Quote:
Originally Posted by Happy Canuk
Well, I have to say, that when I don't sleep well, my FM flares, but I don't have a sleep disorder.
Unless you've had a sleep study, you could easily have an undiagnosed sleep disorder. Many sleep disorders are impossible to diagnose without a sleep study that includes an EEG (just testing for apnea, or for RLS isn't enough - you have to test for apnea, RLS/PLMD, and sleep stage disorders).
Sleep disorders are so common in fibromyalgia (up to 80%), most especially the alpha EEG anomoly, that more and more they're considered most likely a cause rather than a symptom (because if you artificially induce such a sleep disorder, you would get symptoms identical to fibromyalgia).
Before I had my first sleep study (before I was diagnosed with fibromyalgia, in the process of trying to find a diagnosis for my strange symptoms), I would have told you that I didn't have a sleep disorder either (at least until I was sleeping far more than normal). As it turns out I had several (and now have one less as the sleep apnea disappeared after I lost only about 35 lbs), and probably had most of them for years before I had any inclination that my sleep wasn't normal.
Lucid dreaming for example, I've had in some form for as long as I can remember. As a child I had no idea that my dreams were any different than anyone else's. In lucid dreaming a person is aware or at some point in the dream becomes aware that they are dreaming and can control, to some extent, the events of the dream - or may be able to choose to wake up. I was rarely afraid of nightmares as a child, because in the dream I would choose to alter the course of the dream when it got scary - or reassure myself in the dream that it wasn't really scary because it was a dream, and if all else failed I could choose to wake up.
Waking from a (seemingly) normal 7 to 10 hours of sleep, feeling less-than-refreshed was probably an early sign of one or more of the sleep disorders. That was a problem since high school (when fibro symptoms also started to appear, though I wouldn't have a fibro diagnosis for another 25 years). I always attributed the morning (and later constant) fatigue to my over achievement (I graduated high school and college early, and always took extra class loads and took as much work-study and paid work as I could (often swing shift work). After graduate school, I also usually worked two jobs, often swing-shift work, until the worsening fibro symptoms made that impossible).
Both a rheumatologist and a neurologist told me that my years of burning-the-candle-at-both-ends, may have triggered the sleep disorders/fibro - as they've also recently found a link between swing-shift and double-shift workers and fibromyalgia and sleep disorders.
Anyway the sleep disorders my sleep study found:
Sleep Apnea I wa having 90 episodes of apnea per hour. I was prescribed a CPAP machine, which greatly reduced the fatigue and even the severity and frequency of pain flares. The sleep apnea disappeared after I lost about 35 lbs. I no longer use a CPAP, although (now that my husband knows what apnea sounds like) I do periodically have flares of the sleep apnea if I have a severe respiratory infection (when I've had bronchitis or pneumonia).
Restless Leg Syndrome and Periodic Limb Movement Disorder, which is considered one diagnosis or two depending upon which doctor you talk to. PLMD is a more severe form of rls where the whole body, not just the legs are affected. Basically if I'm not taking my medication for it, my husband will wake up with bruises from my thrashing around. (Very common to fibromyalgia, but not nearly as much so as the alpha EEG anomoly).
Alpha EEG Anomaly Alpha EEG anomaly occurs when sudden bursts of brain activity occur during a time when the brain should be in deep sleep.
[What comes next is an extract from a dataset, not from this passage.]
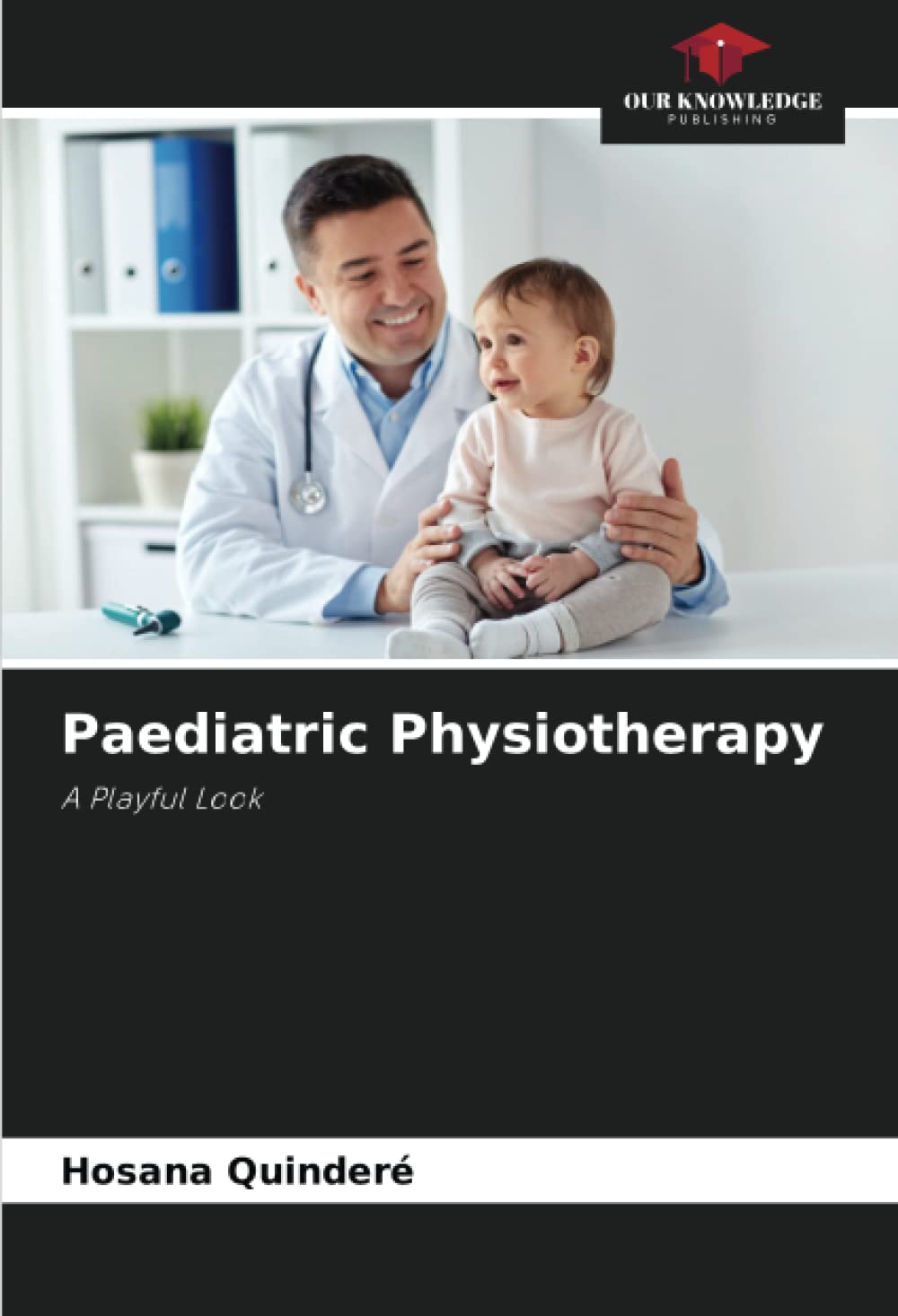 Paediatric Physiotherapy: A Playful Look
This is the most common of sleep disorders in fibromyalgia (in most studies looking for it, it's been found in more than half - sometimes much more than half of fibro patients studied).
This can take two forms (again one diagnosis or two? I have both)
1. Brain waves associated with "awake states" intrude and interupt deep. My sleep study revealed that I spend nearly no time in deep, restorative sleep. I wake or return to shallow stages of sleep almost immediately upon entering REM (as a result, I spend nearly no time in deep restorative sleep).
2. Brain waves associated with "awake states" occur simultaneously during deep (REM) sleep. A person can seem to be both awake and asleep simultaneously
Two examples of what I believe to be manifestations of #2, which I experience frequently are sleep paralysis, and lucid dreaming (being aware that one is dreaming, during a dream, and being able to a degree to control the dream - one type that I have that is very unpleasant is knowing that I am dreaming, but being unable to wake up, sometimes dreaming that I am waking repeatedly only to find it yet another dream. I can panic in the dream, feeling I will not be able to awaken).